Les mots sont forts, à la veille du vote solennel du projet de loi Renseignement à l'Assemblée Nationale. Alors que le ministère de l'Intérieur fait tout son possible pour tenter de rassurer sur le contenu du texte, quitte à tordre le coup à la vérité et à faire dire à la jurisprudence le contraire de ce qu'elle dit, le bâtonnier de Paris Pierre-Olivier Sur a porté un coup très dur ce lundi dans Le Figaro.
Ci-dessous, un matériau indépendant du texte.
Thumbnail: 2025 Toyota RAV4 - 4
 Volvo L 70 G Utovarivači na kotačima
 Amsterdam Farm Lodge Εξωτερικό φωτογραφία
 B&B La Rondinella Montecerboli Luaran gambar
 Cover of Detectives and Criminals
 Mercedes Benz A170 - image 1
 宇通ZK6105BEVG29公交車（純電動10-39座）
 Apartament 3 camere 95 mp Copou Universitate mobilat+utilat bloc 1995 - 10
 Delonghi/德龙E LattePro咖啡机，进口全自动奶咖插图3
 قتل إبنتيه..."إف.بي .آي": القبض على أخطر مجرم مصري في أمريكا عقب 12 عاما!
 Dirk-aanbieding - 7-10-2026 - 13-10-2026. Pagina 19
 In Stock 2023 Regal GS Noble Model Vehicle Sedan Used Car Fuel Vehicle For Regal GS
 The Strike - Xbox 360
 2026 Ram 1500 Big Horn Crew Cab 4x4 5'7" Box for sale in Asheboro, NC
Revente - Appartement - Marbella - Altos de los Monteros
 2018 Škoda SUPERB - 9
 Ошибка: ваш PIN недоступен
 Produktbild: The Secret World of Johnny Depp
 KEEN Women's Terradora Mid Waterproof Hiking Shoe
"Ce projet de loi est un mensonge d'État", dénonce le représentant des avocats de Paris, pas du tout séduit par la communications gouvernement et élyséenne. "Le président de la République l'a présenté lui-même récemment à la télévision comme un texte essentiel pour lutter contre le terrorisme, alors qu'il va s'appliquer bien au-delà, à beaucoup d'autres domaines. Ce projet menace gravement les libertés publiques", dénonce-t-il.

Pour Me Sur, "ce texte est un fourre-tout où domine l'arbitraire". Entre autres reproches : "Jusqu'à présent, dans le cadre d'une enquête, on ciblait, on isolait la cible suspecte avant de la placer sous contrôle. A l'avenir, on écoutera d'abord tout le monde, sur parfois de vastes zones géographiques. On va inverser la méthode. La nouvelle logique sera celle de l'entonnoir. C'est dangereux".

L'avocat en appelle au Conseil constitutionnel, dont on sait qu'il sera saisi à la fois par le président François Hollande et par des députés, et "ne pense pas que les Sages laisseront passer cette illégalité", en parlant de l'exclusion de l'autorité judiciaire dans le mécanisme d'autorisation des mises sur surveillance.

"Au nom des libertés publiques, ils devraient la censurer".